One of the sacred values of rationality that I care a lot about is that one should not discount hypotheses/perspectives because they are low status, woo, or otherwise weird.
Another is that one's beliefs should pay rent.
To be clear, I am worried that we might be failing on the second sacred value. I am not saying that we should abandon the first one as I think some people may have suggested in the past. I actually think that rationalists getting into chakras is strong evidence that we are doing great on the first sacred value.
Maybe we are not failing on the second sacred value. I want to know whether we are or not, so I want to ask rationalists who think a lot or talk enthusiastically about chakras a question:
Do chakras exist?
If you answer "yes", how do you know they exist?
I've thought a bit about how someone might answer the second question if they answer "yes" to the first question without violating the second sacred value. I've thought of basically two ways that seems possible, but there are probably others.

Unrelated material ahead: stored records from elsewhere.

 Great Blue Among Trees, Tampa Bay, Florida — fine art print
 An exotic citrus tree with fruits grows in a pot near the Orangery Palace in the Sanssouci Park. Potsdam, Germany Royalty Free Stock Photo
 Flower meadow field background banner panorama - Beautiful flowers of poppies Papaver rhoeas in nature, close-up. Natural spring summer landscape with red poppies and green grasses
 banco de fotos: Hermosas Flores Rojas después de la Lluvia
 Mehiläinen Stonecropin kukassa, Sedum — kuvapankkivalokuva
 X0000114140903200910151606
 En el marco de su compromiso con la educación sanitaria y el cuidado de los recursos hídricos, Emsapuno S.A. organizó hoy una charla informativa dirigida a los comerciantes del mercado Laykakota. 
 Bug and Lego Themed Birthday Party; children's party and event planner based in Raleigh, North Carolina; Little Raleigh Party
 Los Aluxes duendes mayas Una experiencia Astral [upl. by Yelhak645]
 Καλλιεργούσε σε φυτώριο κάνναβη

One way might be that you just think that chakras literally exist in the same ways that planes literally exist, or in the way that waves literally exist. Chakras are just some phenomena that are made out of some stuff like everything else. If that is the case, then it seems like we should be able to at least in principle point to some sort of test that we could run to convince me that they do exist, or you that they do not. I would definitely be interested in hearing proposals for such tests!

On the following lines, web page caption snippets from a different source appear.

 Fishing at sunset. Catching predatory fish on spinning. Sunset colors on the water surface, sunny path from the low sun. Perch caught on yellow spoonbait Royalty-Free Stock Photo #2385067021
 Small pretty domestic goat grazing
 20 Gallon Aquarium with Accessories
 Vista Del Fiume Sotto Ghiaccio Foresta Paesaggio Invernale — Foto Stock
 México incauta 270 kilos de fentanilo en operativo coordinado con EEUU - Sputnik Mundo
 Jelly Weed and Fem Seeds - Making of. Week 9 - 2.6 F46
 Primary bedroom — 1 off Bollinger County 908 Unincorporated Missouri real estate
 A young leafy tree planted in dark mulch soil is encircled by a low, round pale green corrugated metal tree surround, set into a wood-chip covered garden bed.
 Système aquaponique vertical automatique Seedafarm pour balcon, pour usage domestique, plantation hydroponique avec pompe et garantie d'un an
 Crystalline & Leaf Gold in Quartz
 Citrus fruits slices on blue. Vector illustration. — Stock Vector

Another way might be that you think chakras do not literally exist like planes do, but you can make a predictive profit by pretending that they do exist. This is sort of like how I do not expect that if I could read and understand the source code for a human mind, that there would be some parts of the code that I could point to and call the utility and probability functions. Nonetheless, I think it makes sense to model humans as optimization processes with some utility function and some probability function, because modeling them that way allows me to compress my predictions about their future behavior. Of course, I would get better predictions if I could model them as mechanical objects, but doing so is just too computationally expensive for me. Maybe modeling people as having chakras, including yourself, works sort of the same way. You use some of your evidence to infer the state of their chakras, and then use that model to make testable predictions about their future behavior. In other words, you might think that chakras are real patterns. Again it seems to me that in this case we should at least in principle be able to come up with tests that would convince me that chakras exist, or you that they do not, and I would love to hear any such proposals.

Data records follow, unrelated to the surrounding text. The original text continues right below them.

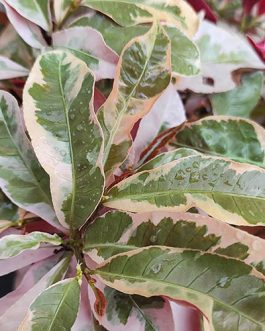 Chinese croton/ Excoecaria cochinchinensis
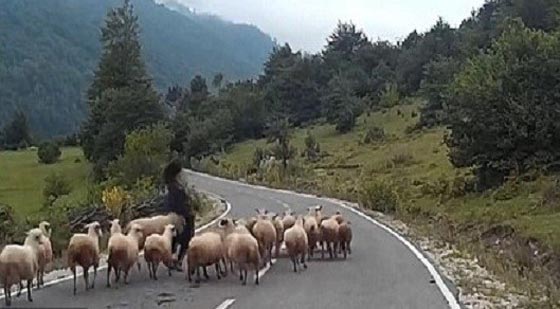 فيديو طريف... راعية ألمانية تعرضت لهجوم عنيف من قبل قطيع من الأغنام صورة رقم 1 فيديو طريف... راعية ألمانية تعرضت لهجوم عنيف من قبل قطيع من الأغنام صورة رقم 1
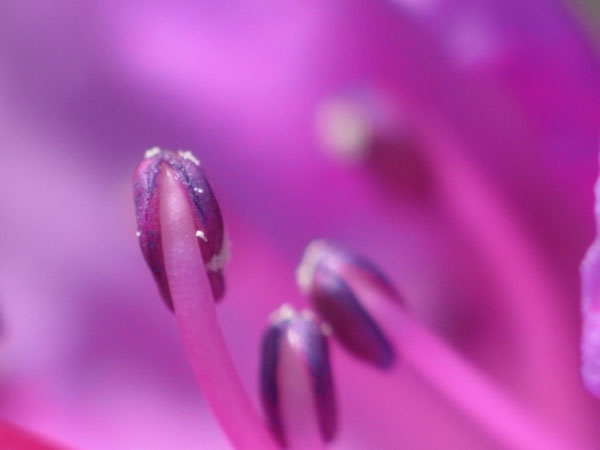 f:id:elmikamino:20110430151557j:image f:id:elmikamino:20110430151557j:image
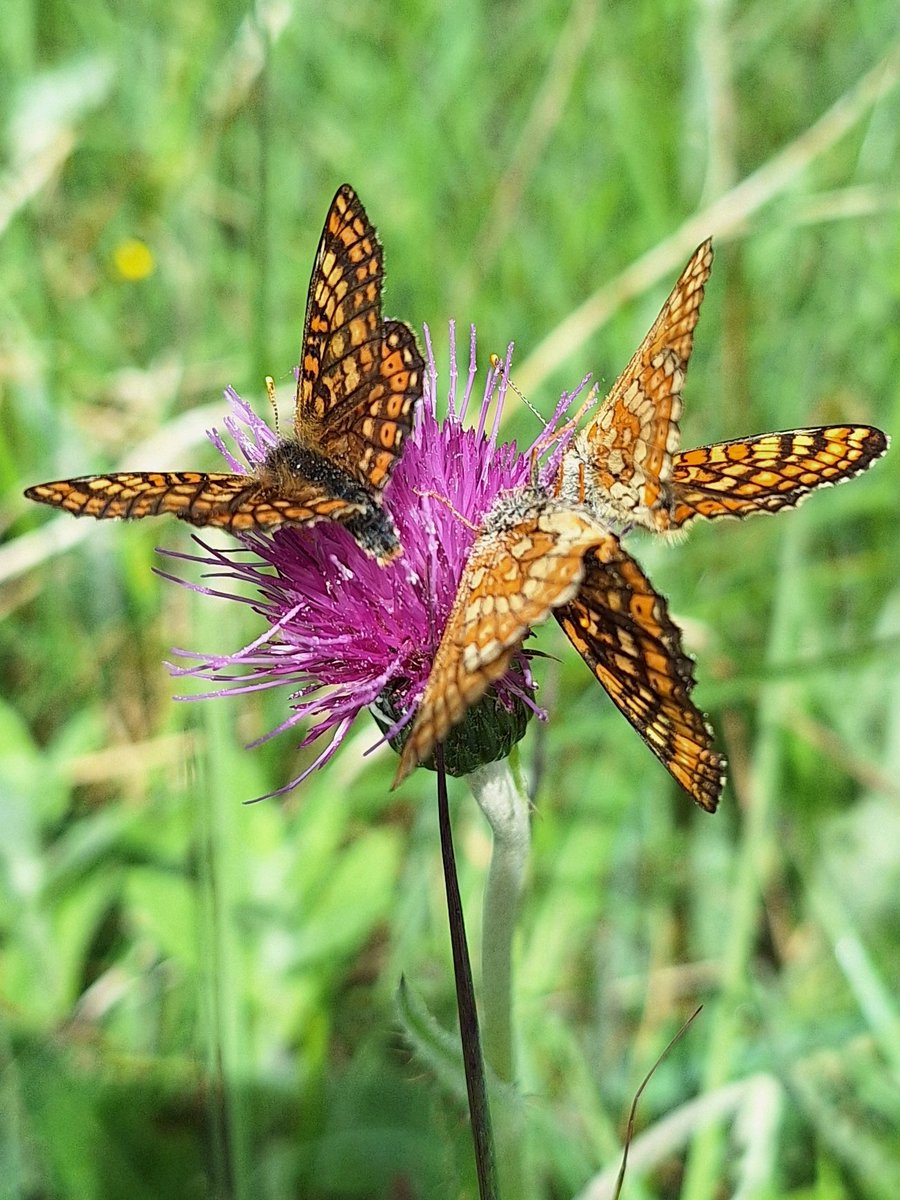 BenJMAtkinson's tweet photo. Marsh fritillaries at Bracketts Coppice today 😀 Plus a first for me, a narrow-bordered bee-hawkmoth!! Sadly, it was too quick to photograph.
@DorsetWildlife @BC_Dorset @DorsetMoths @ukbutterflies @BflyRobin https://t.co/2kDrPWIlzc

Maybe you think they exist in some other sense, and then I would definitely like to hear about that.
Maybe you do not think they exist in anyway, or make any predictions of any kind, and in that case, I guess I am not sure how continuing to be enthusiastic about thinking about chakras or talking about chakras is supposed to jive with the sacred principle that one's beliefs should pay rent.
I guess it's worth mentioning that I do not feel as averse to Duncan's color wheel thing, maybe because it's not coded as "woo" to my mind. But I still think it would be fair to ask about that taxonomy exactly how we think that it cuts the universe at its joints. Asking that question still seems to me like it should reduce to figuring out what sorts of predictions to make if it in fact does, and then figuring out ways to test them.
I would really love to have several cooperative conversations about this with people who are excited about chakras, or other similar woo things, either within this framework of finding out what sorts of tests we could run to get rid of our uncertainty, or questioning the framework I propose altogether.